リベラルくずれの繰り言

時事問題について日ごろ感じているモヤモヤを投稿していこうと思います.

元首長個人への賠償請求は慎重に

2017-08-08 | 政治

豊洲


東京都が購入した豊洲市場の用地の土壌汚染に関し,都民が都に対し,石原慎太郎元都知事に対して損害賠償請求するよう求めた住民訴訟があるという.このたび都の弁護団は,小池知事の意向もあって,購入を決めたのは石原氏就任前とする文書の性格を「中間的な合意」に格下げし,証拠としては取り下げたという(朝日新聞朝刊2017-8-8).
(8月10日の朝刊で訂正があった.文書を証拠として取り下げたわけではなく,「証拠文書に法的拘束力があったとする主張を撤回」とのこと.)
たしかに汚染のある用地購入の経緯はうさんくさく,裁判で真相が明らかになるのならそれは悪くないとは思う.つい「住民の請求どおりに元都知事に賠償請求を!」とも言いたくなってしまう.だが,ここはやはり立ち止まって考えたい.
知事(政治家)はいろいろな政策を遂行する.場合によっては思わぬ損害が発生することもあるはずだ.だがその損害の賠償が政治家個人に求められるとしたら,政治家は思い切った政策は何もできなくなってしまう.しかも,今回のように知事が代わると弁護団が態度を変えるというのも気持ち悪い(今回の証拠取り下げそのものの是非はよくわからないが,一般論として).
政治家個人への賠償請求はよほど悪質な場合に限られるべきだ.どのくらいが「よほど悪質」かは私には判断できないが,裁判を見守る我々も,党派的な立場は捨てて,冷静に考えたい.

国立


首長個人への賠償責任が裁判で確定したケースとして,東京都国立市の元市長,上原公子氏の事例がある(東京新聞).高層マンション建設に市民が反対したのを受け,高さを制限する条例を定めたが,業者に訴えられて市が賠償を命じられた.ところが一部住民から,支払った賠償金を上原氏個人に請求するよう市が訴えられて裁判で認められ,次の次の市長が控訴を取り下げたことで支払い命令が確定し,支払いを求める裁判が続いていたのだという.
これを不当とする人たちが「元市長ひとりに賠償金は払わせない。くにたちの景観はオール市民で守ったのだから。」を合言葉にクラウドファンディングで資金を集めているという(くにたち上原景観基金1万人の会FACTA ONLINE).

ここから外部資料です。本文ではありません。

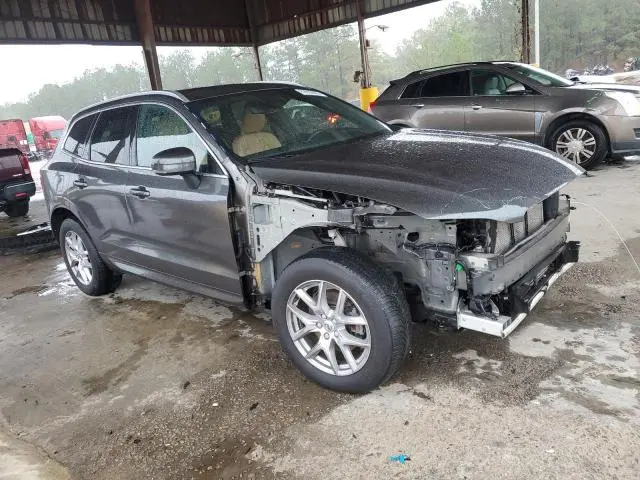 2020 VOLVO XC60 T5 MOMENTUM  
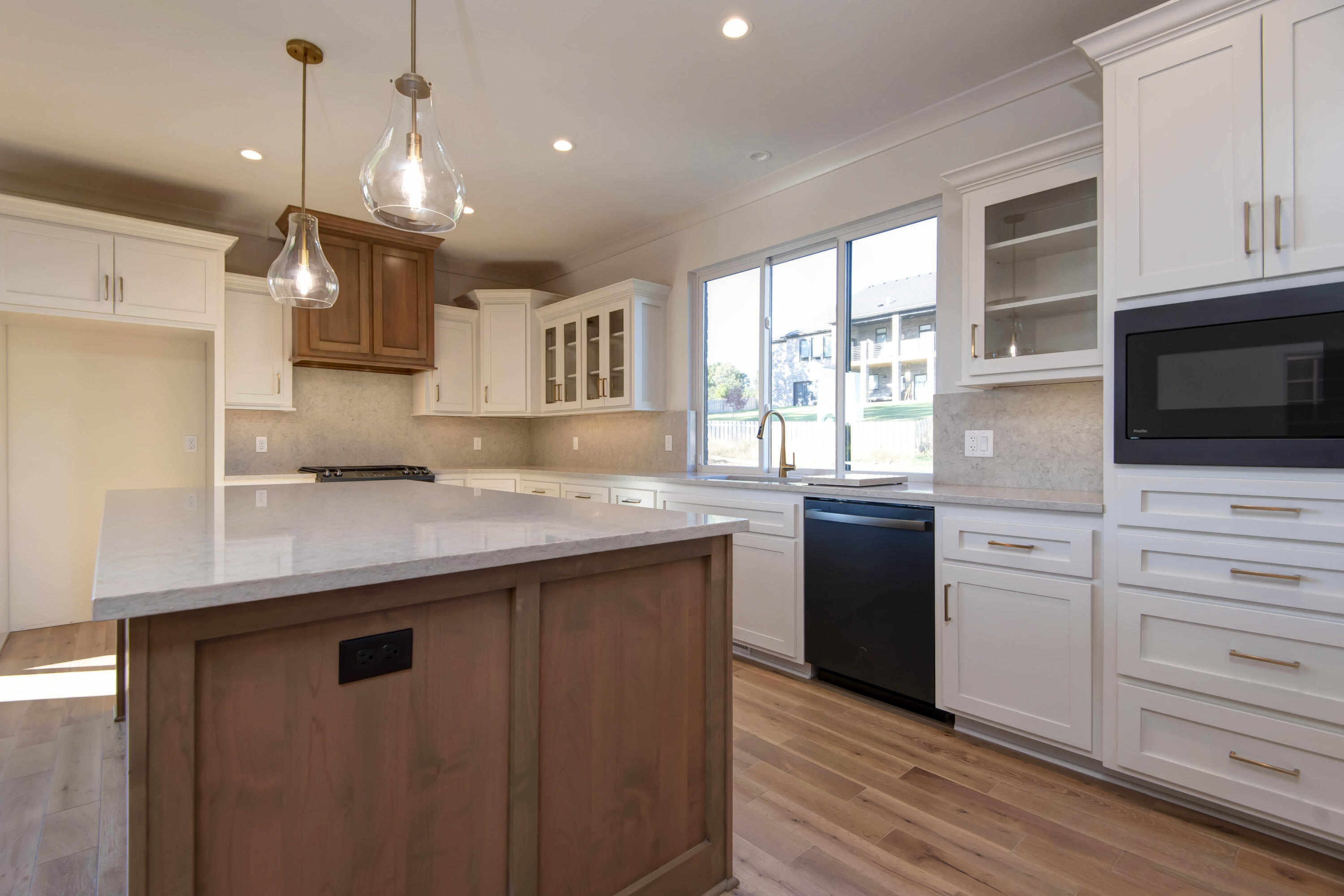 5943 South Clay Avenue Property Photo 25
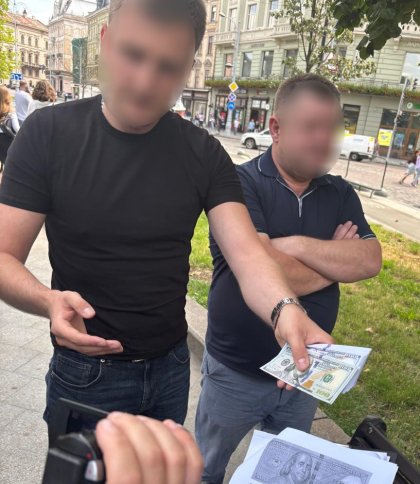 Колишній викладач львівського університету за 18 тисяч доларів допомагав ухилянту виїхати за кордон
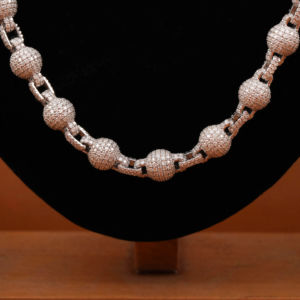 Chaîne de cou hip-hop haut de gamme conçue avec des détails de style diamant moissanite étincelant pour une expression de mode urbaine accrocheuse - Product Image 3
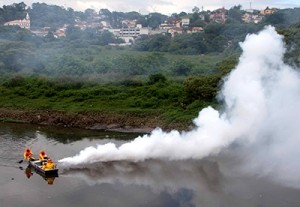  Nebulização do veneno no combate ao mosquito aedes aegypti - alvo de polêmica ambiental...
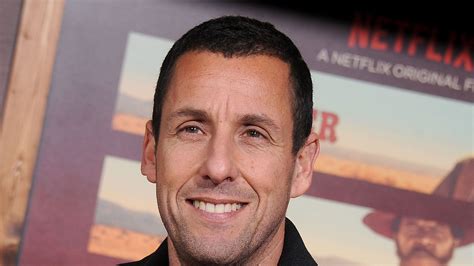 Adam Sandler se burla de sí mismo al reaccionar a su ausencia en los ...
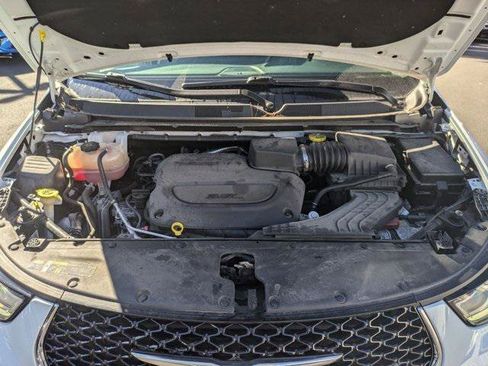 Certified 2022 Chrysler Pacifica Touring-L FWD image 34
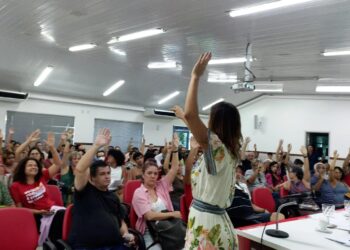 Professores da UFS aprovam indicativo de greve para maio
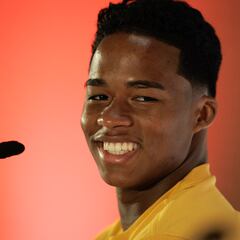 Endrick desata una oleada de elogios por un gesto solidario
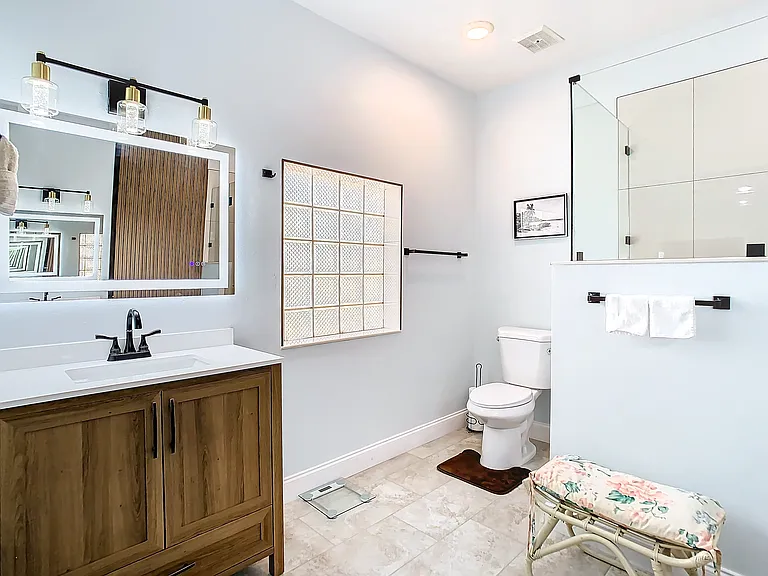 3321 W Aileen St — Photo 11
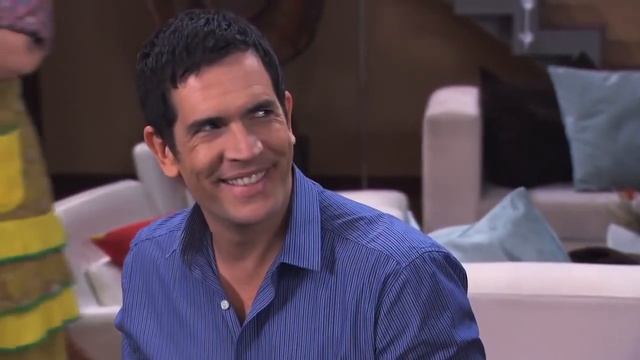 Почему стоит любить сериал "Виолетта"? смотреть онлайн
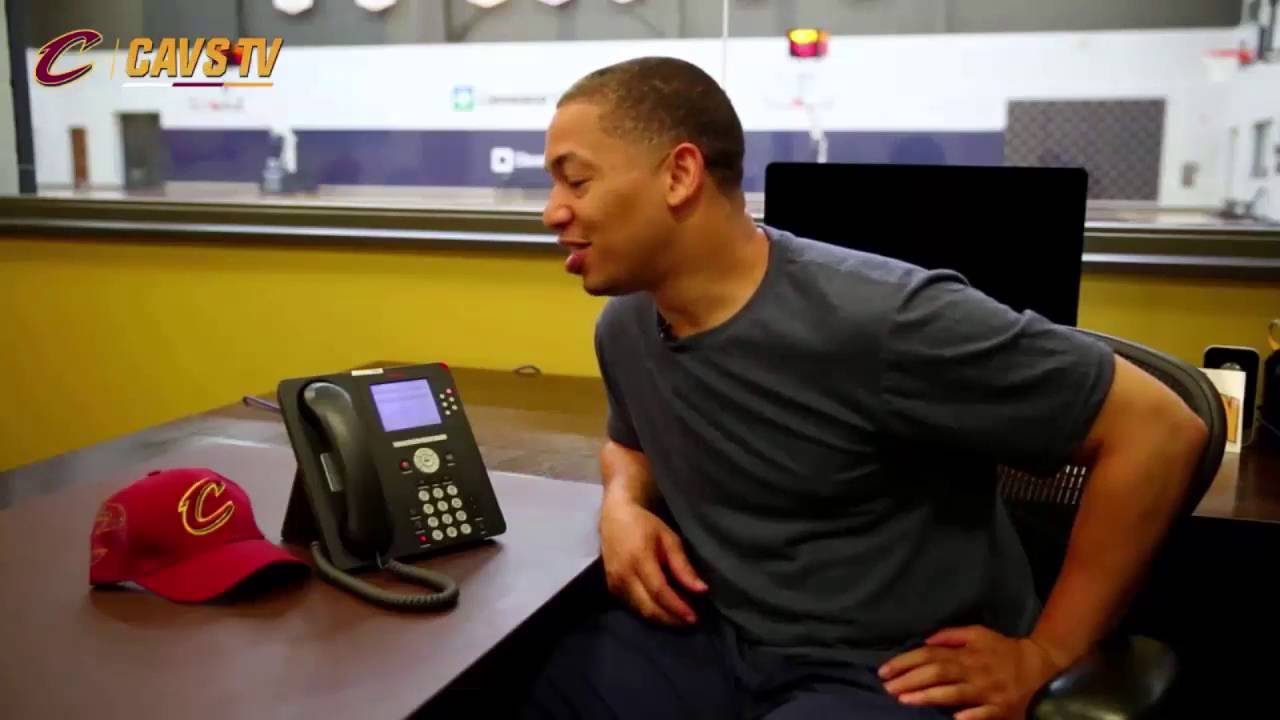 President Barak Obama calls Tyronn Lue to congratulate him on 2016 NBA Championship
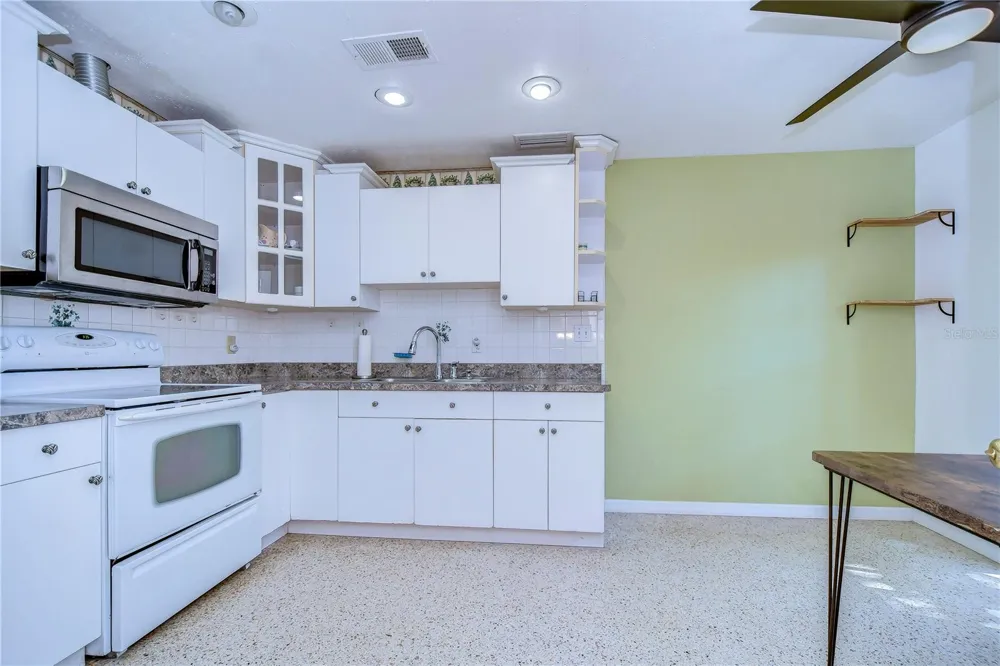 4944 5TH AVENUE #B St Petersburg, FL 33710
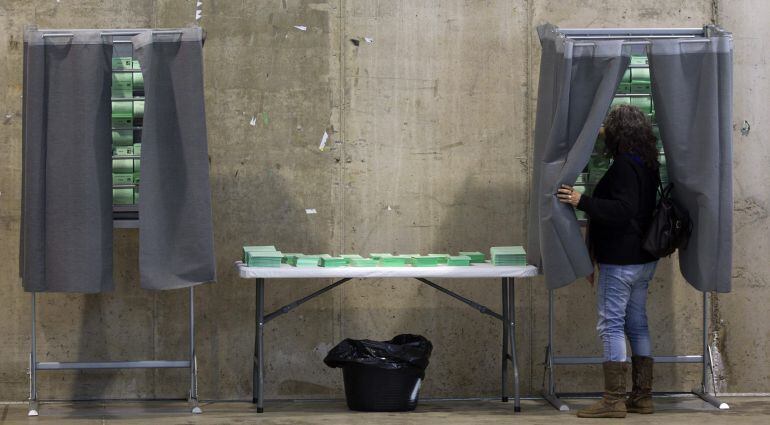 Los vecinos de la localidad de Aracena comienzan a votar a primera hora de la mañana en las elecciones autonómicas.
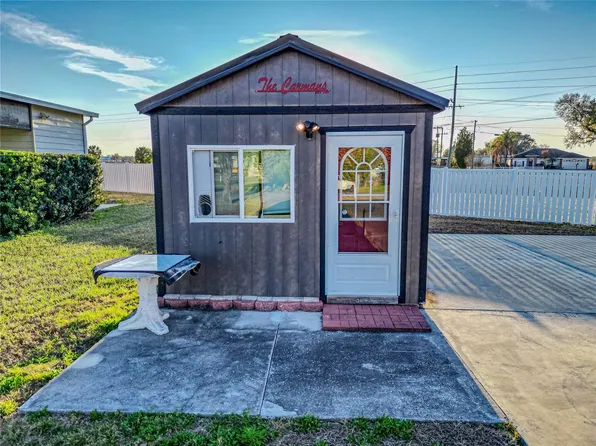 4905 Shore Line Dr, Polk City, FL 33868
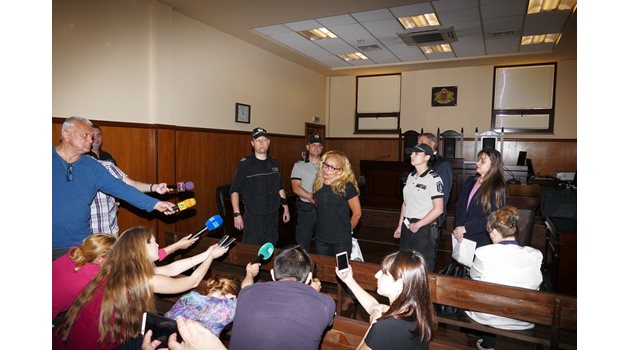 Кметицата на район "Младост" обясни в съда, че дори има час за хоспитализация в началото на август. Снимка ПИЕР ПЕТРОВ
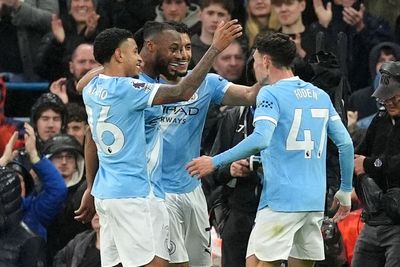 Phil Foden shines as Man City keep pressure on Arsenal with Crystal Palace win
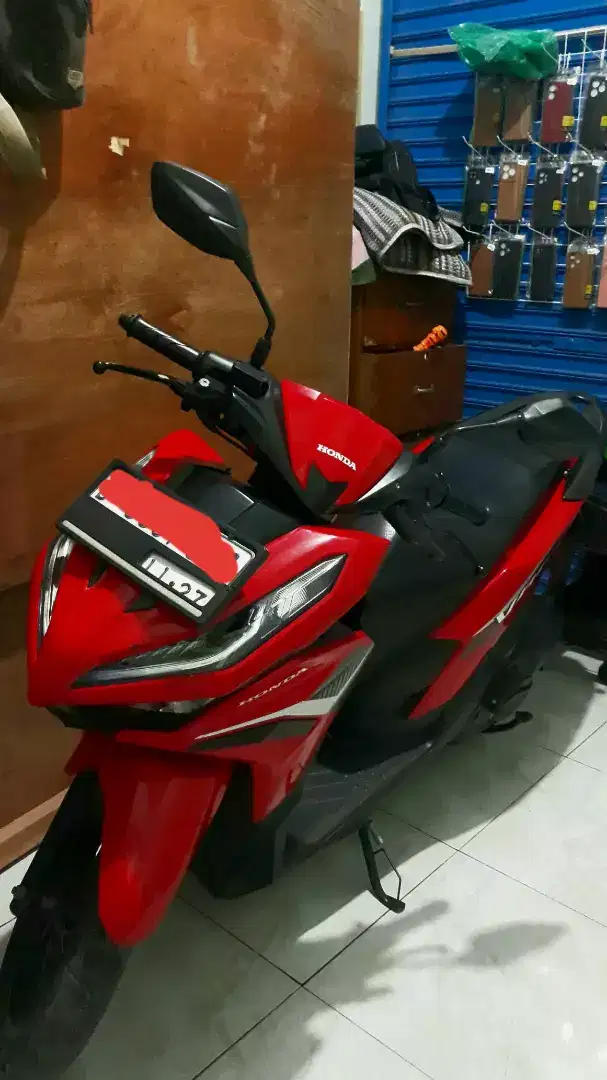 DIJUAL VARIO 125 MERAH TAHUN 2022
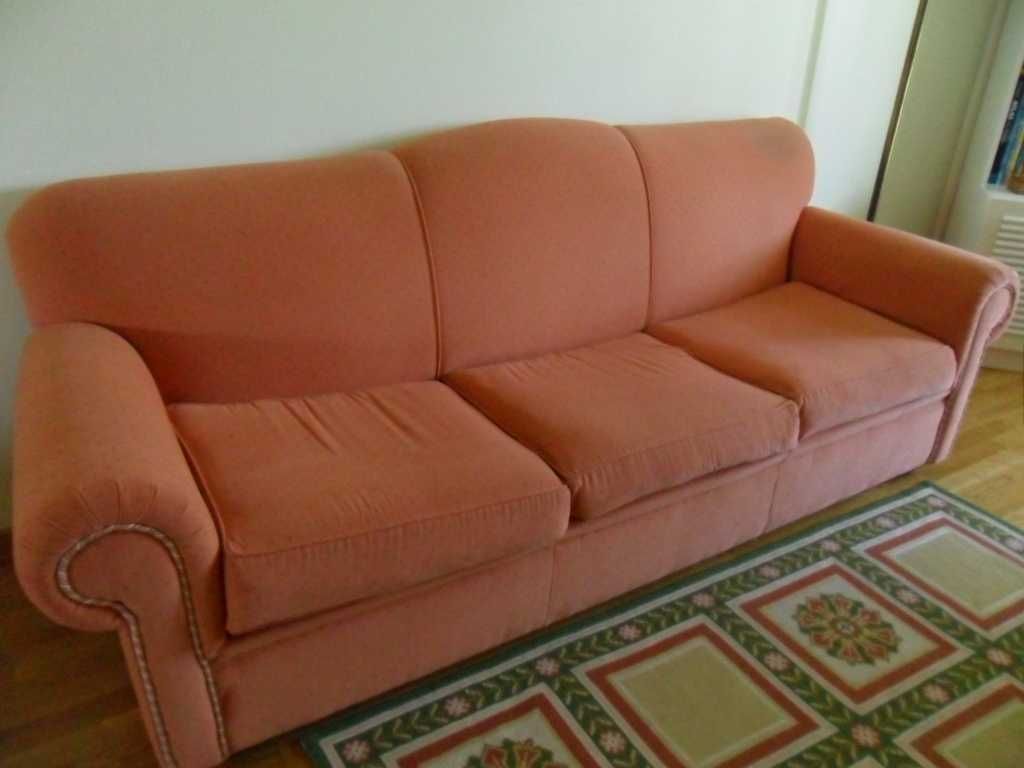 Sofá cama usado cor salmão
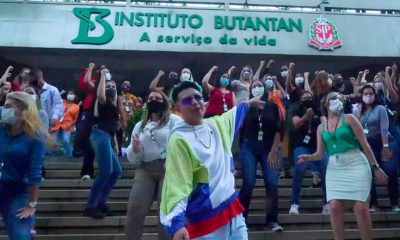 MC Fioti grava clipe no Butantan. (Foto: Divulgação)
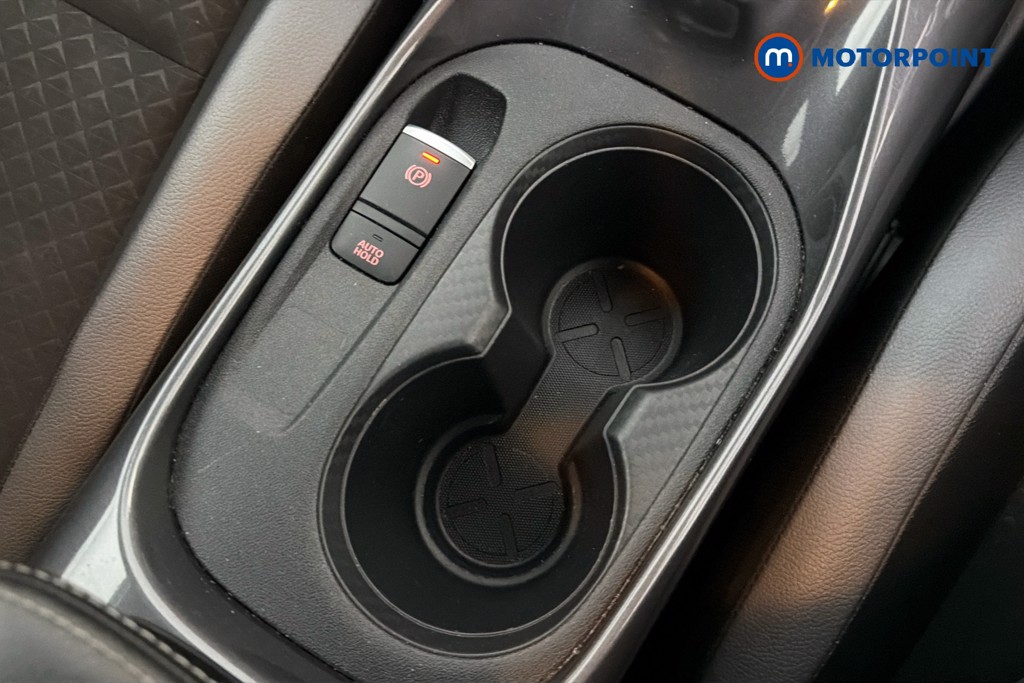 Nissan Juke N-Connecta Manual Petrol SUV - Stock Number (1635820) - 16th supplementary image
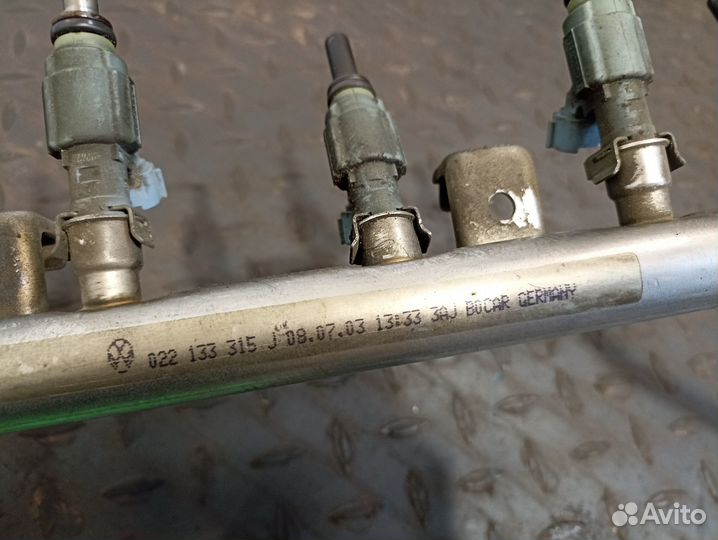 Рейка топливная с форсунками для VW Touareg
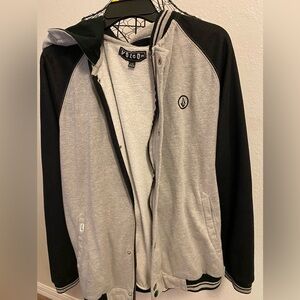 Volcom jacket size men’s Large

今回は個々の事案の是非についての論評は控えたいが,弱い者いじめのような訴訟は「スラップ訴訟」といっていろいろ問題になっている.自治体の活動による損害を元首長個人に負わせるのは,党派的な立場からではなく,十分慎重に考えたい.党派的なスラップ訴訟を石原元都知事に対して起こしたりすると,同じことは小池知事に対しても,誰に対してもされかねない.韓国では政権交代のたびに前政権の関係者が訴追されることが多いと聞く.そんな世にはならないようにしたい.